AVAILABLE DATA »
--

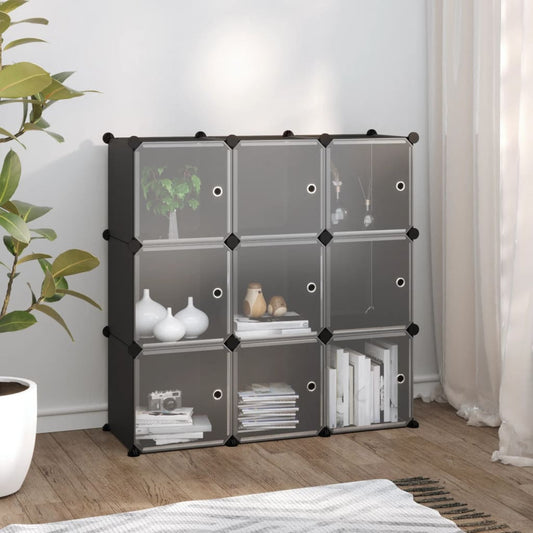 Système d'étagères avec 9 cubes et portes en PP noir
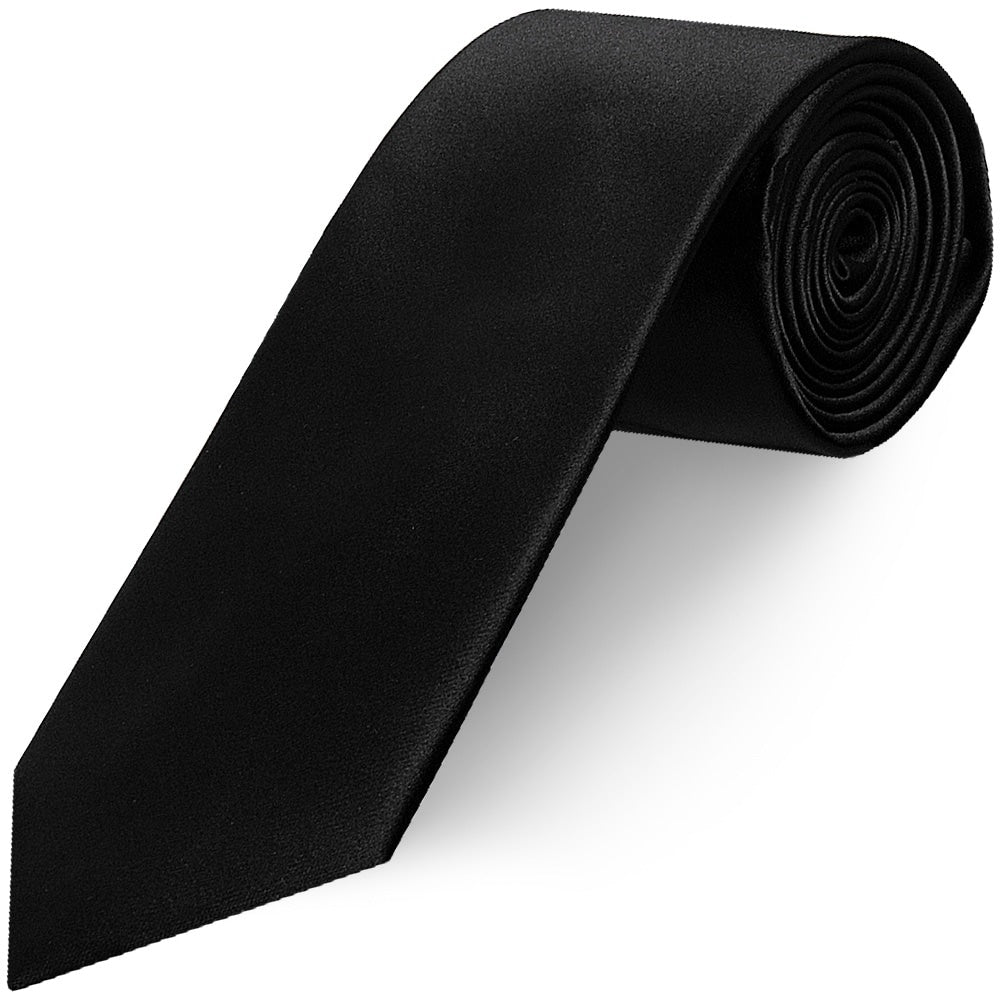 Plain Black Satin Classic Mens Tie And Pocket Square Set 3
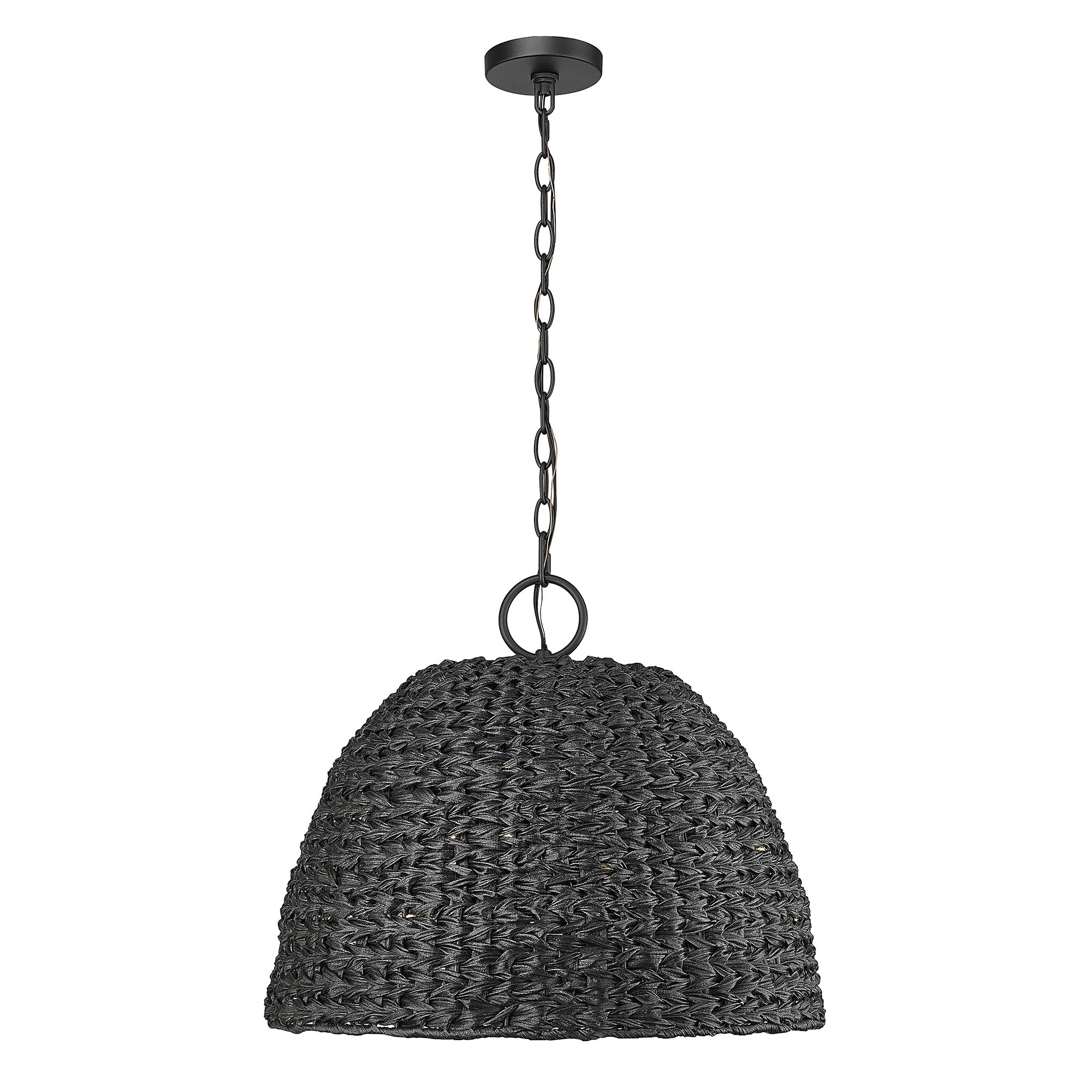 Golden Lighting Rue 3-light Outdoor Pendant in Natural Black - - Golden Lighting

--

In the listing above, transcribe exactly the lines from the line containing "Plain Black Satin" through the last one, both included, but not the pictures.

 Plain Black Satin Classic Mens Tie And Pocket Square Set 3
 Golden Lighting Rue 3-light Outdoor Pendant in Natural Black - - Golden Lighting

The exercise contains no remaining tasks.